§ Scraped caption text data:

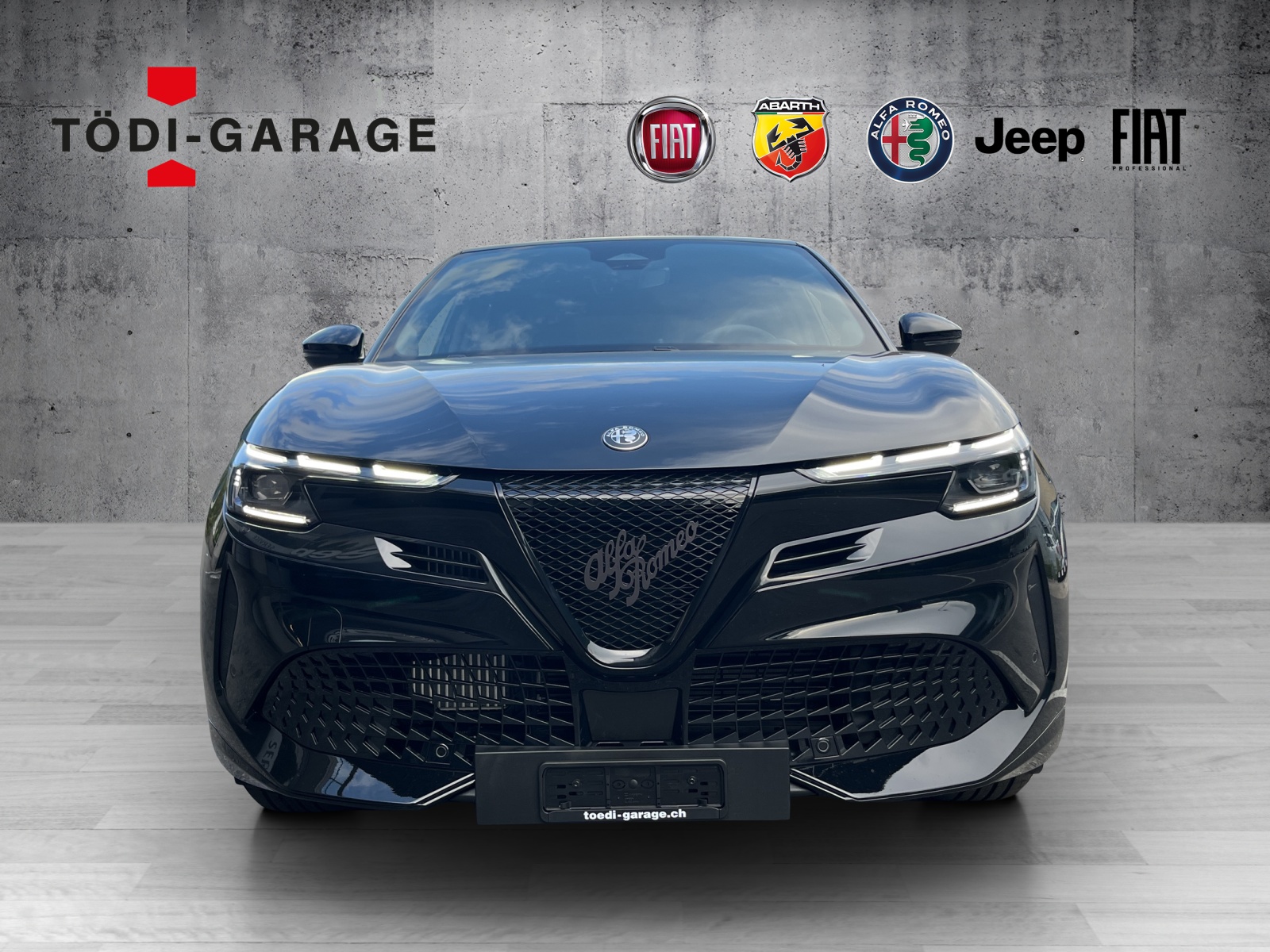 ALFA ROMEO Junior 1.2 TI SKY Q4-showroom-element-1
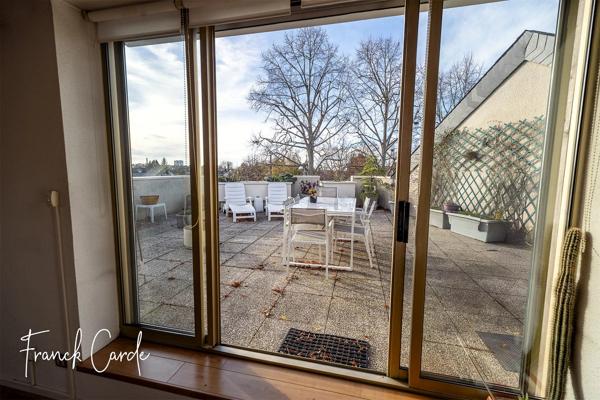 Mont-Saint-Aignan village – Duplex de standing avec grande terrasse sans vis-à-vis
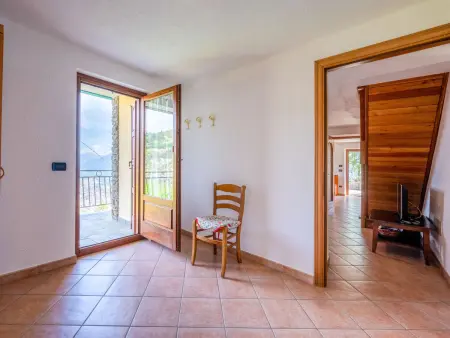 Maison rustique à Sarre, vue panoramique à 1 200 m d'altitude - Photo 13
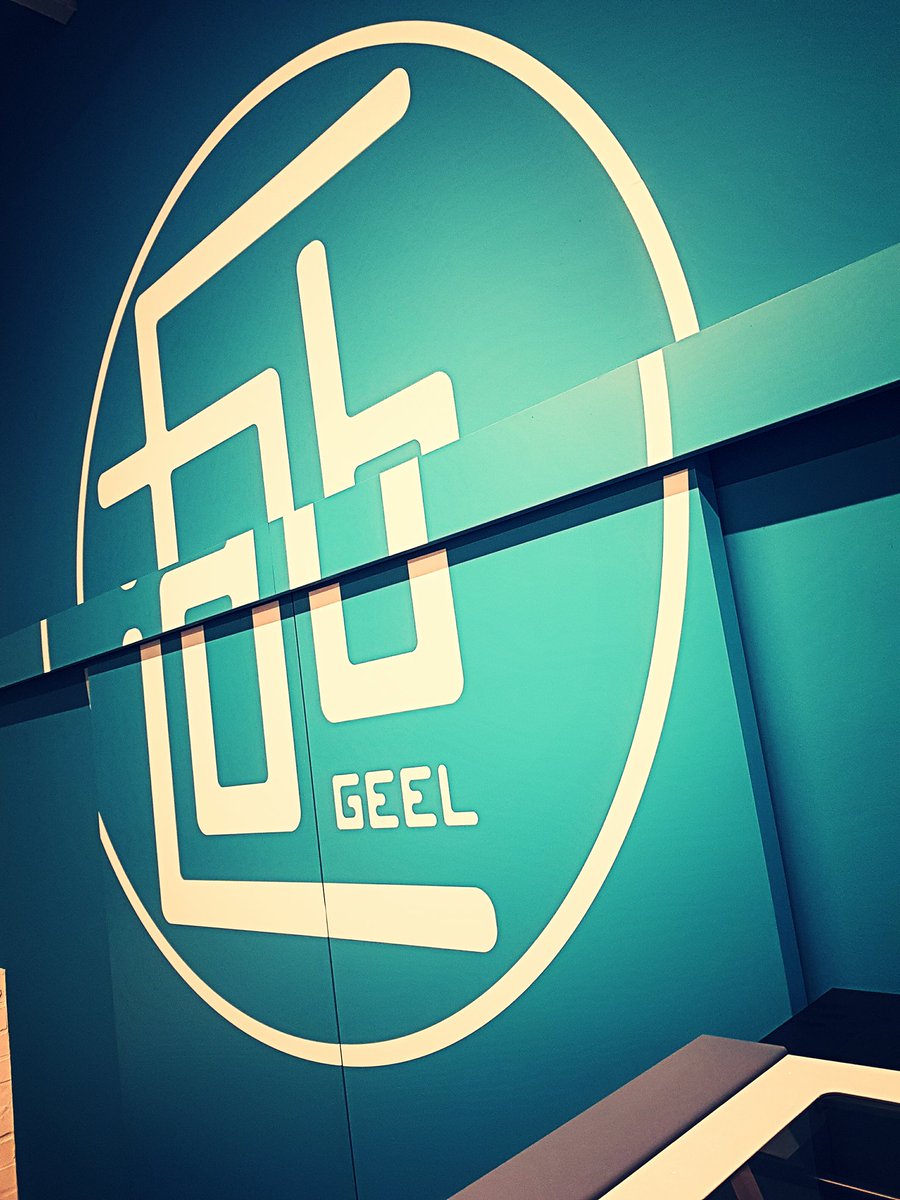 FabLab_Geel's tweet photo. #KOGEKA #SchilderwerkEnDecoratie werkt muur #fablabgeel volledig af met muursticker #Roland https://t.co/pxKdkw5ua6
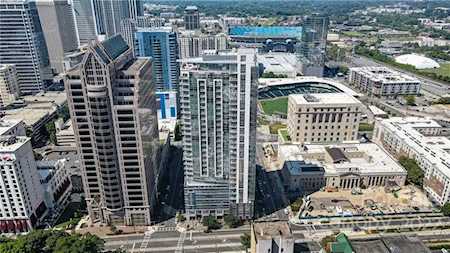 333 W Trade St Charlotte, NC 28202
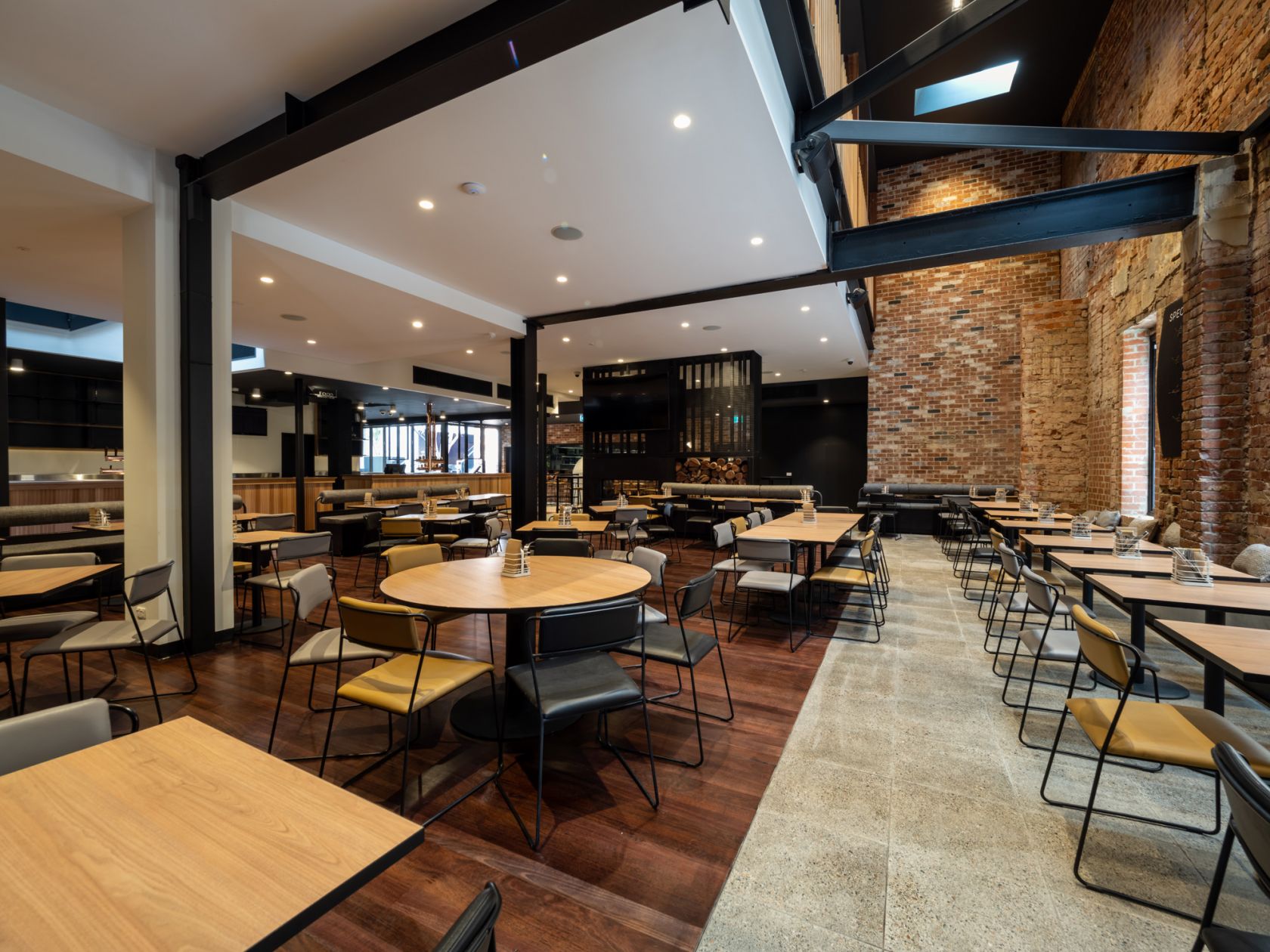 strathmore hotel adelaide dining area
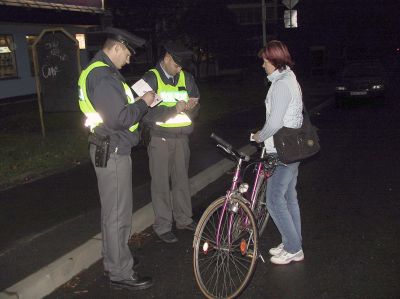 Tentokrát při dopravně-bezpečnostní akci se policisté zaměřili na cyklisty. Těm ve vybavení kol většinou chyběly odrazky, či předepsané světlo.<br/>                                                          
FOTO: DANA HOĎÁKOVÁ

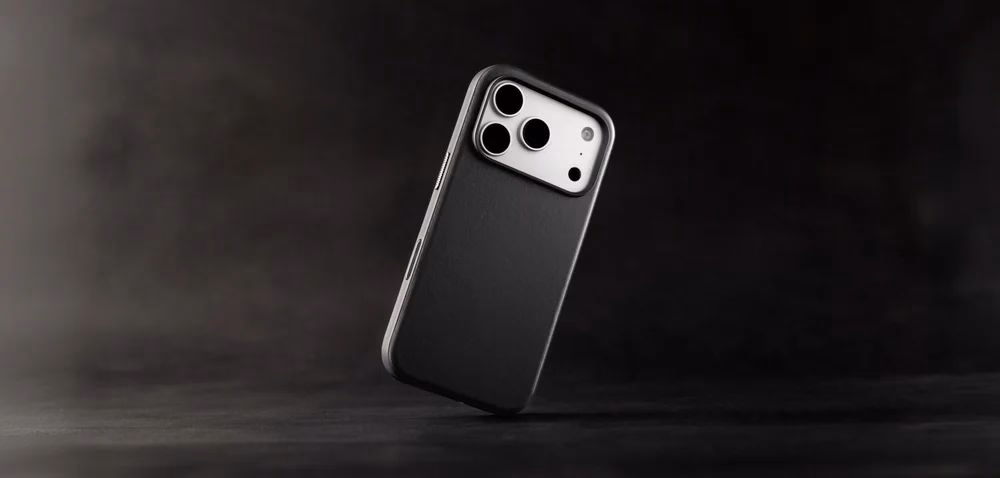 Шкіряний чохол Nomad Modern Horween Black у повний зріст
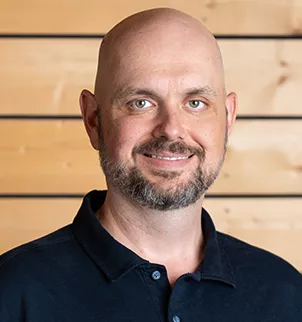 profile-photo-travis-cogdill-paradigm-leadership-team-302x322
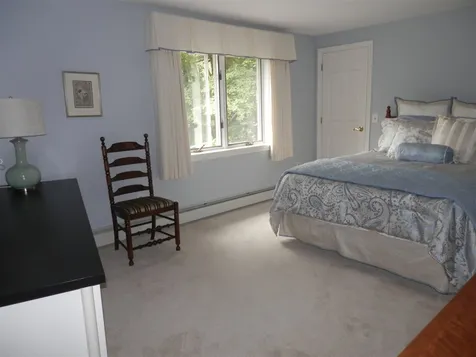 2 Mckinley Avenue Londonderry NH 03053
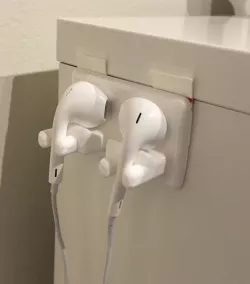 Apple earpod hanger
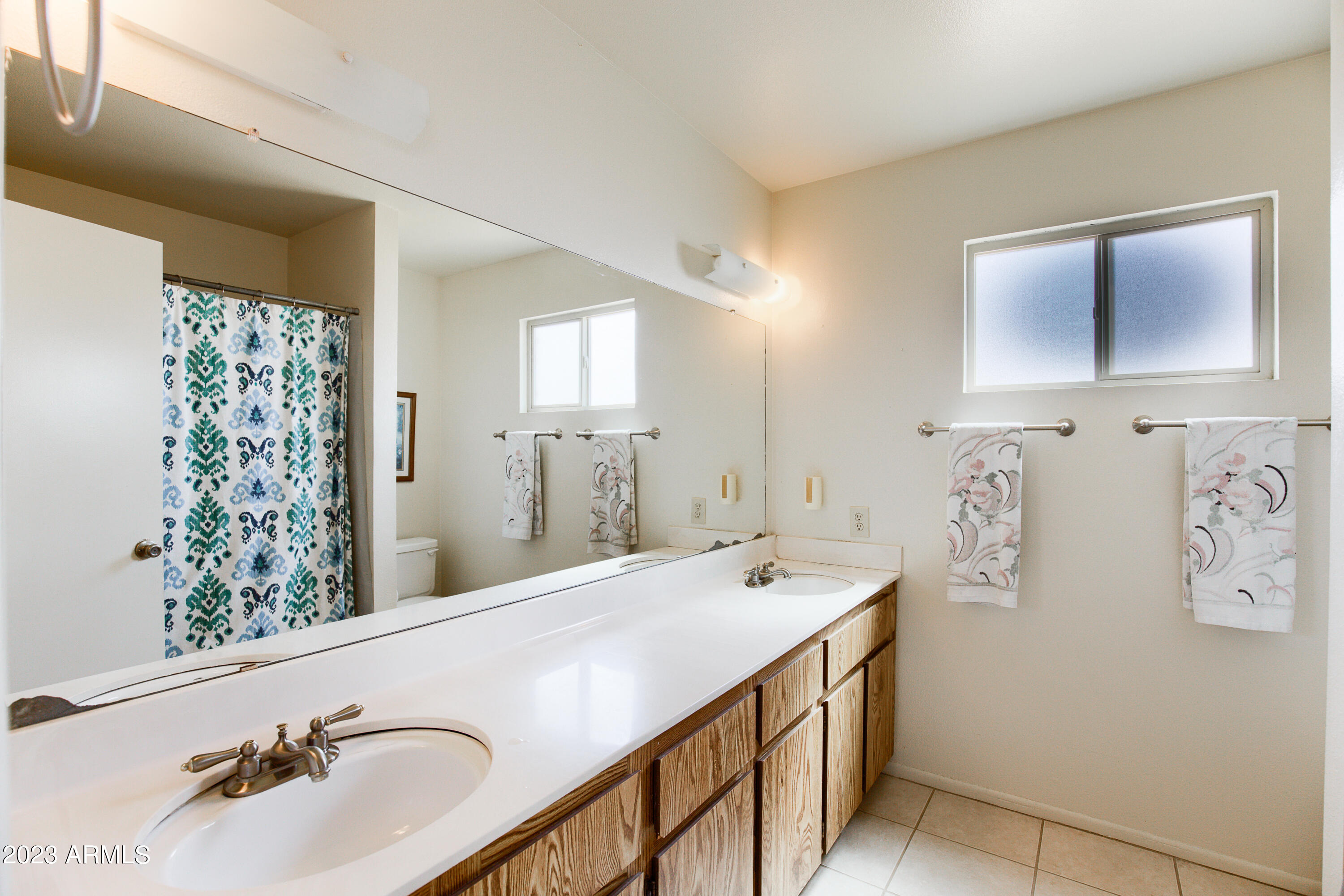 2539 E VILLA MARIA Drive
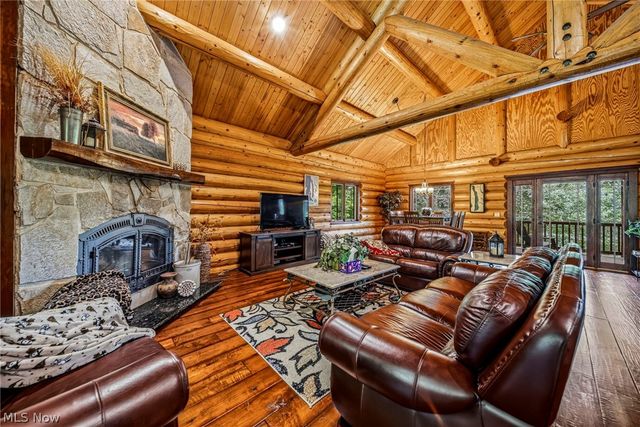 10506 Mayfield Road, Chesterland, OH 44026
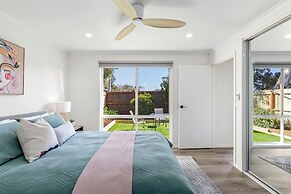 2 Bedroom - Walk to Beach - Pet Friendly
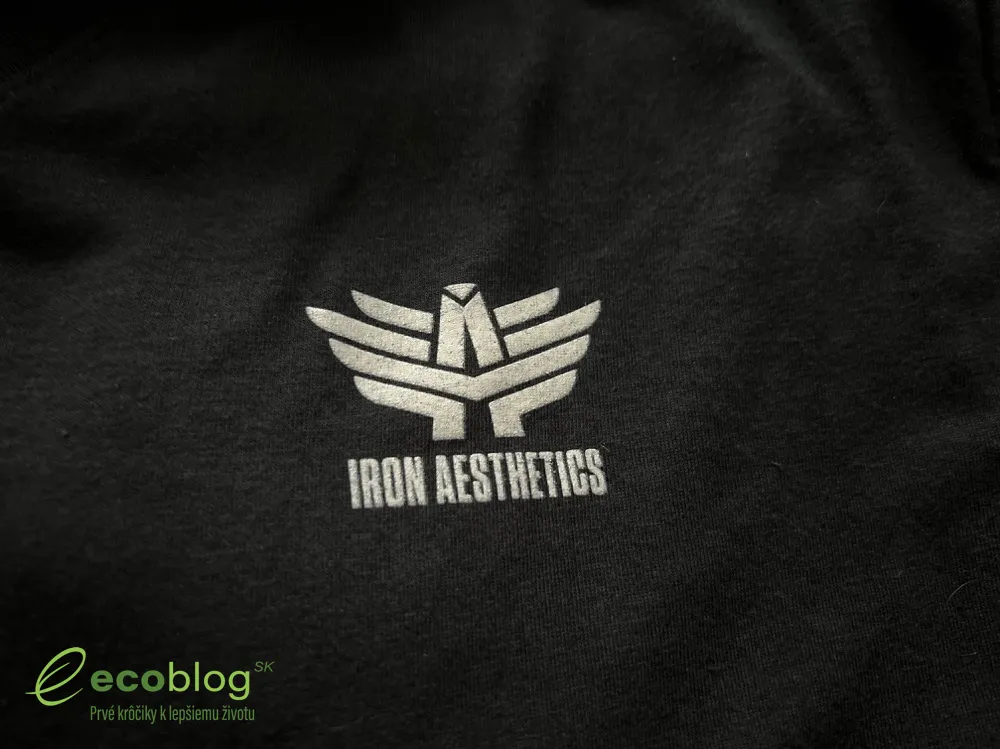 Detail čierneho fitness trička Iron Aesthetics s logom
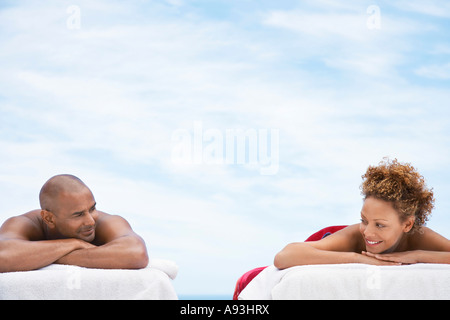 Paar auf Massageliegen, außen liegend, Kopf und Schultern Stockfoto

§ TASK INSTRUCTIONS: Give back each entry exactly as it appears, with no pictures.

§ ANSWER SPACE:
 ALFA ROMEO Junior 1.2 TI SKY Q4-showroom-element-1
 Mont-Saint-Aignan village – Duplex de standing avec grande terrasse sans vis-à-vis
 Maison rustique à Sarre, vue panoramique à 1 200 m d'altitude - Photo 13
 FabLab_Geel's tweet photo. #KOGEKA #SchilderwerkEnDecoratie werkt muur #fablabgeel volledig af met muursticker #Roland https://t.co/pxKdkw5ua6
 333 W Trade St Charlotte, NC 28202
 strathmore hotel adelaide dining area
 Tentokrát při dopravně-bezpečnostní akci se policisté zaměřili na cyklisty. Těm ve vybavení kol většinou chyběly odrazky, či předepsané světlo.<br/>                                                          
FOTO: DANA HOĎÁKOVÁ

 Шкіряний чохол Nomad Modern Horween Black у повний зріст
 profile-photo-travis-cogdill-paradigm-leadership-team-302x322
 2 Mckinley Avenue Londonderry NH 03053
 Apple earpod hanger
 2539 E VILLA MARIA Drive
 10506 Mayfield Road, Chesterland, OH 44026
 2 Bedroom - Walk to Beach - Pet Friendly
 Detail čierneho fitness trička Iron Aesthetics s logom
 Paar auf Massageliegen, außen liegend, Kopf und Schultern Stockfoto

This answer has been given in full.